Last night, the House passed the continuing resolution that would keep the government funded for a few months and suspend the debt ceiling through next December.
The politics of shutdown/debt ceiling fights usually do not favor the party that gets blamed for the shutdown. I wonder if the ability of the majority party to use reconciliation changes this significantly or whether that is inside baseball as far as most of the Country is concerned.
So, the reason Democrats can do Reconciliation twice this year is that the first time is for FY 2020, and then FY 2021.
But haven’t they already used one of those? If they push this through in the next 3 days w/out everything else, doesn’t that mean they’re done for the year, reconciliation-wise?
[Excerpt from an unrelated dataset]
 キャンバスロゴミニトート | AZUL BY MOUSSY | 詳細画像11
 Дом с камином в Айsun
I think the two reconciliation bills are for FY 2021 and FY 2022, since FY 2020 is long since over. But otherwise you have it right. They get another one next year for FY 2023.
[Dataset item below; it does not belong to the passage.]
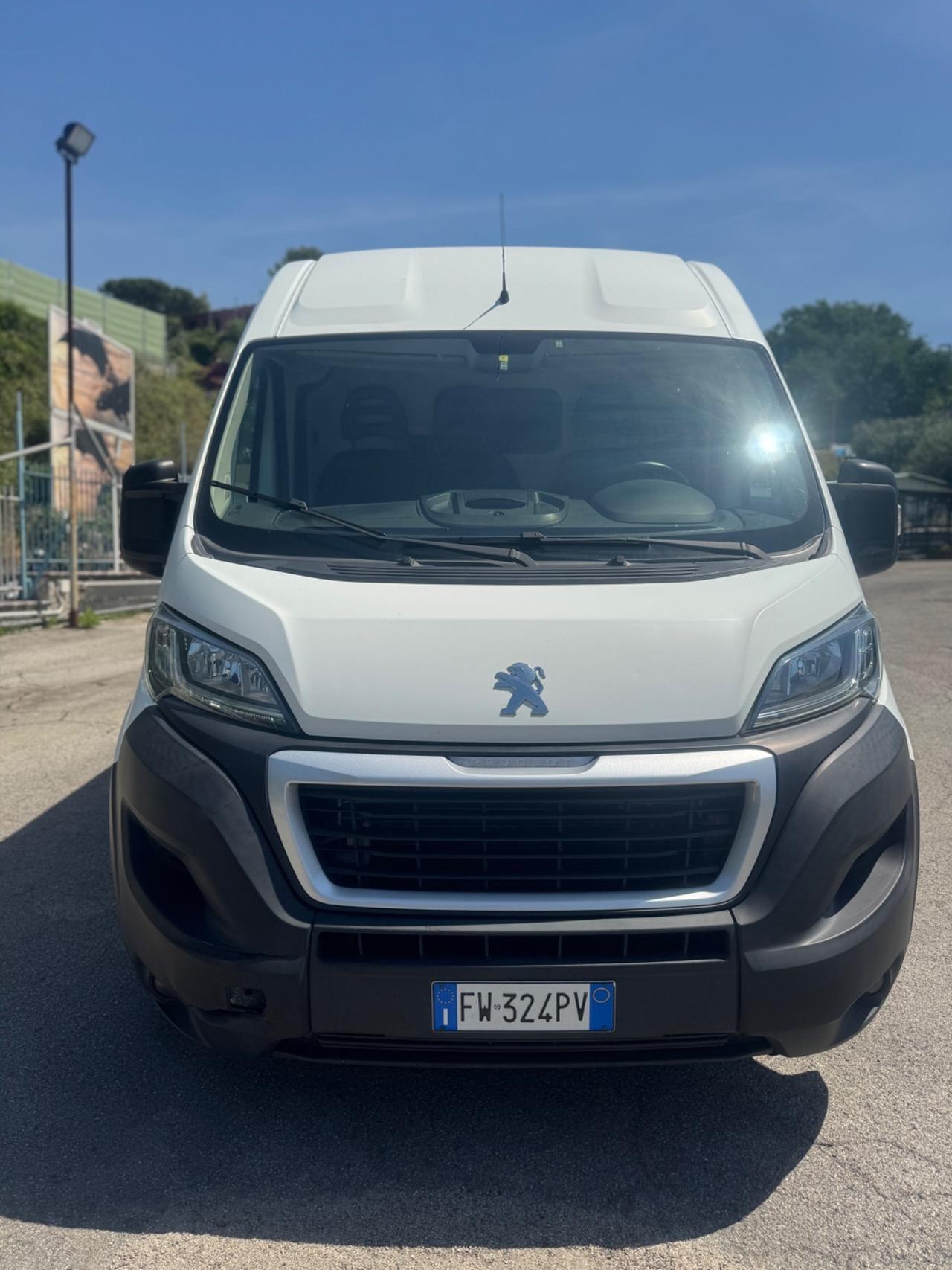 Peugeot Boxer 335 2.0 BlueHDi 130CV PM-TM Furgone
Even if those three vote for it, seven more Republicans would have to come out of the woodwork. It seems unlikely as of now — not least because Sen. Mitt Romney (R-UT) is a defiant no.
GOP, yeah, if y’all could not just embrace the slogan of The Party of Fiscal Responsibility but also, you know, really lean in to it and put it into practice as a matter of governance? That’d be great.
This one is a freebie from the parliamentarian. It’s technically not its own reconciliation bill, it’s a modification of the one passed earlier this year.
So if this passes, they do still get one next year.
I believe they may be able to do a standalone debt limit reconciliation bill, since the other reconciliation bills don’t have anything about the debt limit in them. They’re only allowed to do one reconciliation bill per year for revenues, spending, and debt, but they can combine all those into one bill or deal with them separately. But this is just my understanding of it, the actual rules are so fiddly that there might be procedural reasons why a standalone debt limit reconciliation wouldn’t work.